- Also known as: MadMax
- Origin: Warsaw, Poland
- Genres: Progressive rock
- Years active: 1976–1985
- Labels: MadMax, Polskie Nagrania Muza, Metal Mind
- Past members: Paweł Birula Andrzej Puczyński Wojciech Puczyński Władysław Komendarek Zbigniew Fyk Marek Wójcicki Jerzy Machnikowski Kazimierz Barlasz Jacek Olejnik Bogdan Łoś Joanna Rosińska

= Exodus (Polish band) =

Polish rock band

Exodus (also known as MadMax) was a Polish progressive rock band. It was formed in Warsaw in 1976 by brothers Andrzej Puczyński and Wojciech Puczyński and broke up in 1985. Considered a part of the "Music of the Young Generation", a trend in Polish rock music in the late 1970's and early 1980's, Exodus was one of the leading progressive rock bands in the Polish rock scene during their time. The band, by critics, were dubbed the "Polish Yes", due to their similar musical styles.

== History ==

=== 1976–1979: Recording of Nadzieje, Niepokoje, and early touring ===
In 1976, Exodus was formed by guitarist Andrzej Puczyński and Wojciech Puczyński. The band recorded their debut album, Nadzieje, Niepokoje, both at the Riviera-Remont club in Warsaw, and at Andrzej's home in 1977, and the album wasn't released until 2006 as a part of their compilation, The Most Beautiful Dream; Anthology 1977–1985. Although this album was not released at the time, shortly after recording this material, they performed over a dozen concerts around Poland. They performed at numerous events, such as the Polish Stage Fair in Łódź in 1977, the International Stage Spring in Poznań in 1978 and 1979, the Pop Session in Sopot in 1978, and the Musical Camping in Lubań in 1979. They often toured with the English pop band The Rubettes around Europe, such as the Soviet Union, West Germany, and Hungary.

=== 1980–1982: The Most Beautiful Day & Supernova ===
On 30 November 1980, Exodus released their debut studio album, The Most Beautiful Day. The album was recorded in February 1980 at the Polskie Radio Warszawa. The album was critically acclaimed, and was a commercial success with over 200,000 copies sold, achieving diamond status in Poland. Following the release of this album, the band was praised by readers of the Polish music magazine Non Stop.

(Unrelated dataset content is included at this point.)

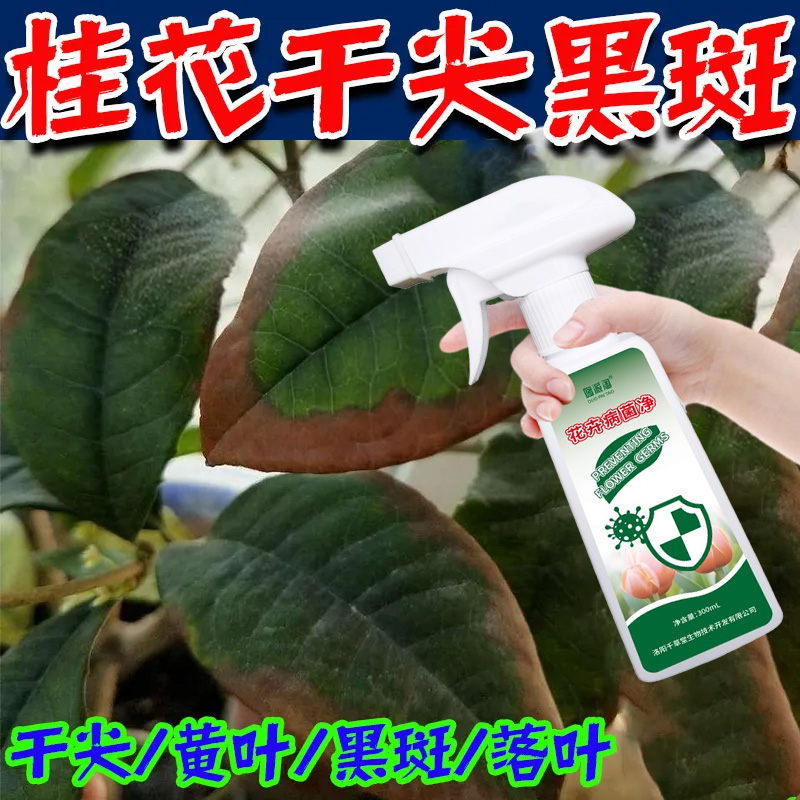 桂花树叶黑斑专用营养液叶尖枯焦新芽变黑脱落干枯发黑抑菌黑腐肥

In late 1982, Exodus released their second studio album, Supernova. The album was recorded in October-November 1981. The album was critically acclaimed, and was the No. 1 Polish rock album of 1983, with over 476,000 copies sold, achieving diamond status in Poland. The album features shorter track lengths, which was the result of trying to keep pace with new musical trends in the Polish rock scene, which listeners criticized this album for. They promoted the album with the leading single Jestem Automatem.

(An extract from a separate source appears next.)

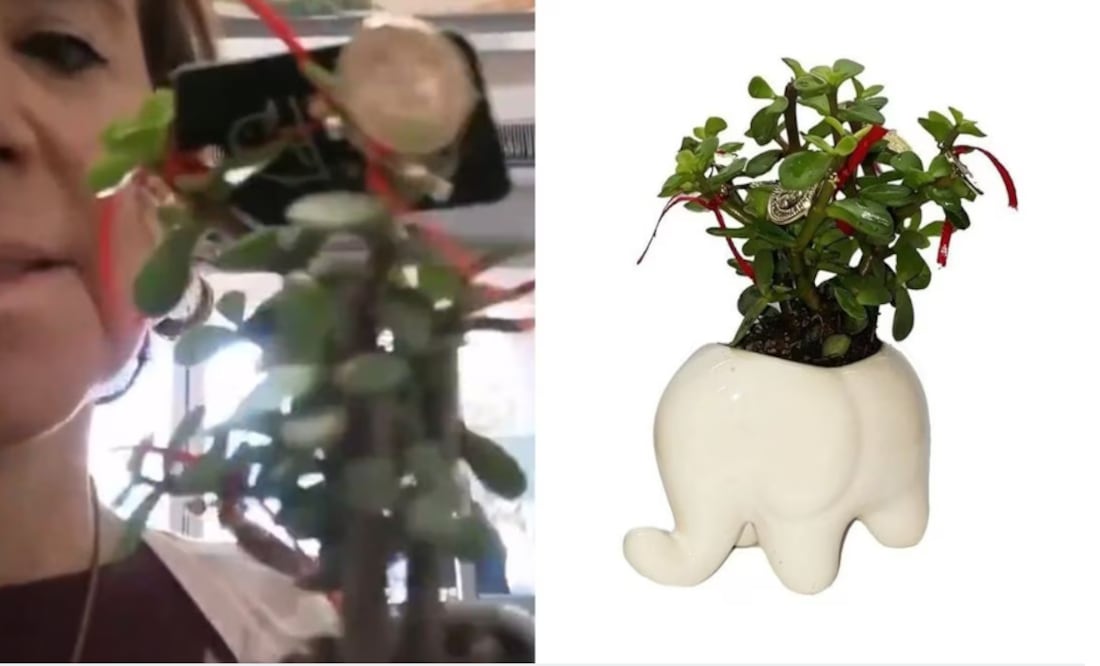 La mujer señaló que la tienda es parte del nuevo gobierno globalista | Captura de video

=== 1983–1985: Hazard, name change, and breakup ===
In 1983, Polish guitarist Marek Wójcicki joined Exodus, and in the same year, they recorded their third studio album Hazard, which, similar to their debut album, was also released in the compilation The Most Beautiful Dream; Anthology 1977–1985 in 2006. With the band's new lineup, they wanted to contribute to the "rock boom" trend in the Polish rock scene, which resulted in them playing more aggressive. In 1985, the band split and the lineup was reorganized. They briefly changed their name to MadMax, and the only traces of their work under this name are three songs recorded for a Polish radio station in Białystok, and a music video for the song Atak Serce.

In 1985, shortly after their name change, the band broke up. Keyboardist Władysław Komendarek began a solo career, and co-founder Andrzej Puczyński founded the independent Polish record label Izabelin Studios, and later became president of Universal Music Polska. In 1992, the album Exodus: Singles Collection was released on CD, which included all of Exodus' singles. In 2010, Polish pop singer Stachursky recorded a cover of Exodus' song Ponury pejzaż, and included it on his album Magnificent Polish Hits 2.

== Members ==
=== Past members ===

- Andrzej Puczyński – guitar
- Wojciech Puczyński – bass guitar
- Władysław Komendarek – keyboards
- Paweł Birula – vocals, 12-string guitar
- Zbigniew Fyk – drums
- Marek Wójcicki – guitar

- Kazimierz Barlasz – vocals
- Jacek Olejnik – keyboards
- Bogdan Łoś – guitar
- Joanna Rosińska – vocals

== Discography ==
=== Albums ===

- Nadzieje, niepokoje, (recorded 1977, released 2006 in The Most Beautiful Dream; Anthology 1977–1985)
- The Most Beautiful Day (1980)
- Supernova (1982)
- Singles Collection (1992)
- Najpiękniejszy dzień (2000)
- Hazard (recorded 1983, released 2006 in The Most Beautiful Dream; Anthology 1977–1985)

=== Singles ===

- Uspokojenie wieczorne/To co pamiętam (1978)
- Niedokończony sen/Dotyk szczęścia (1979)
- Ostatni teatrzyk objazdowy (część pierwsza)/Ostatni teatrzyk objazdowy (część druga) (1980)
- Spróbuj wznieść się wyżej/Jest taki dom (1981)
- Jestem automatem/Najdłuższy lot (1982)
- Kosmiczny ojcze/Ta frajda (1985)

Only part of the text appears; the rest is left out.